Which Novak is, and was from early in life. His parents were staunch Republicans, but his mother took him to see Franklin Roosevelt speak in Joliet when he was five; on reading the text recently, he called the speech pabulum. He listened on the radio, at nine, to the 1940 Republican National Convention. At 15 he was writing sports stories for the local shopper; at 16 he became a sports stringer for the Herald-News. His uningratiating personality helped cost him the sports editorship of the University of Illinois Daily Illini (it went to historian Michael Beschloss's father) and seems to have caused university officials to deny him the one credit he needed to graduate (their successors supplied it in 1993).
He served two years in the Army after college and, in 1954, got a 12-week job in the Associated Press bureau in Omaha--the beginning of what is now 53 years in journalism. Asked to substitute for the guy who wrote predictions for high school football games, he told him he knew nothing about high school football. "'Kid,' he replied, 'do you think I do?'" Novak cribbed them from the Omaha World-Herald, with a few camouflaging changes. In 1955 the AP sent him to Lincoln for the legislative session, then to Indianapolis to cover the legislature and state politics there.
The young Novak presented himself then, as he has done through most of his career, as a regular guy--an enormous sports fan who loved fast cars and liked to stay up late drinking and smoking at bars. His prose has always been lean and muscular, but not especially graceful and certainly not literary. Like Ronald Reagan, he grew up at a time and a place and made his way up through a business in which it was always to his advantage to hide the fact that he was also a voracious reader and an intellectual.

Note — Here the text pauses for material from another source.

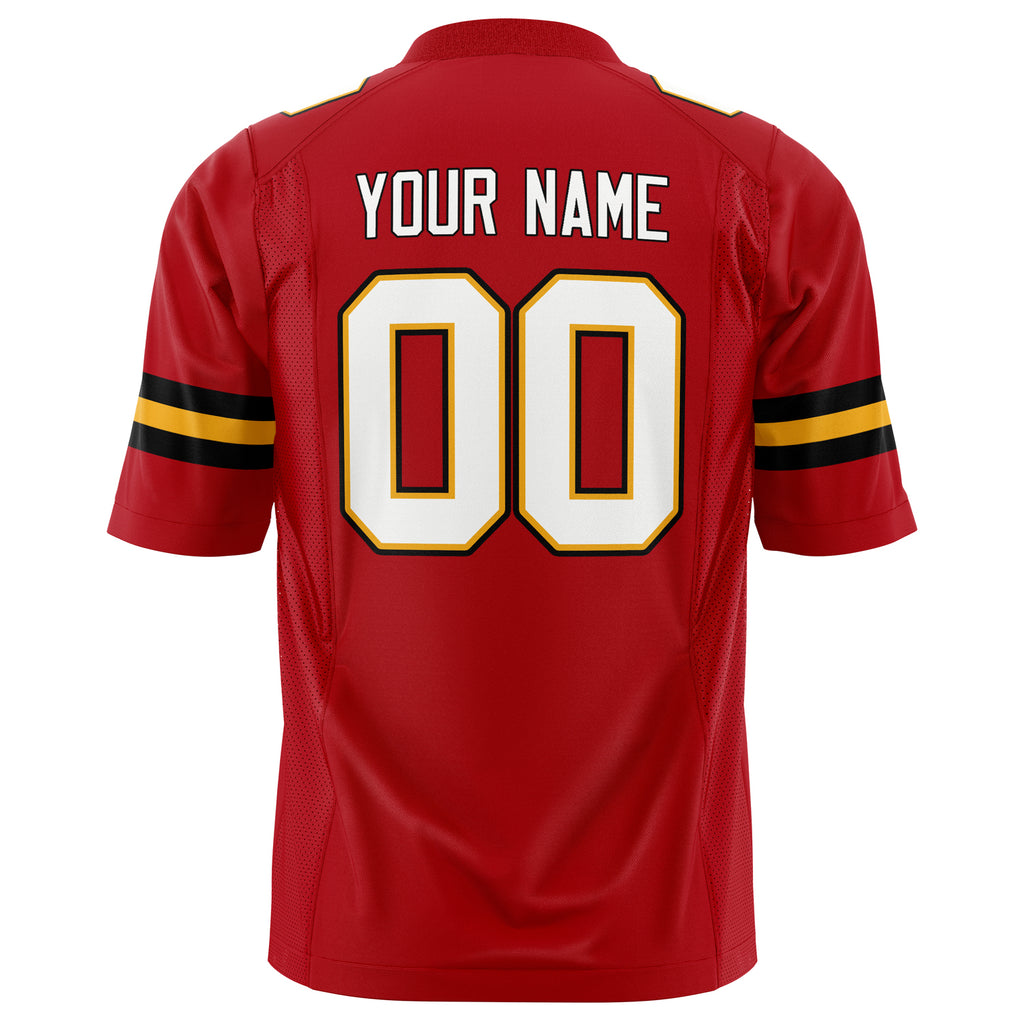 Custom Red White Solid Colour Football Jersey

In The Prince of Darkness Novak gives some indication of his wide and serious reading and provides the key to his own political philosophy: Whittaker Chambers's Witness, which he read while in the Army. Chambers's pessimistic account of his break with communism, and his sense that he had left the winning side for the losing one, made Novak a passionate believer that the United States must win the Cold War. He always voted for the candidate who seemed most likely to vigorously prosecute the Cold War.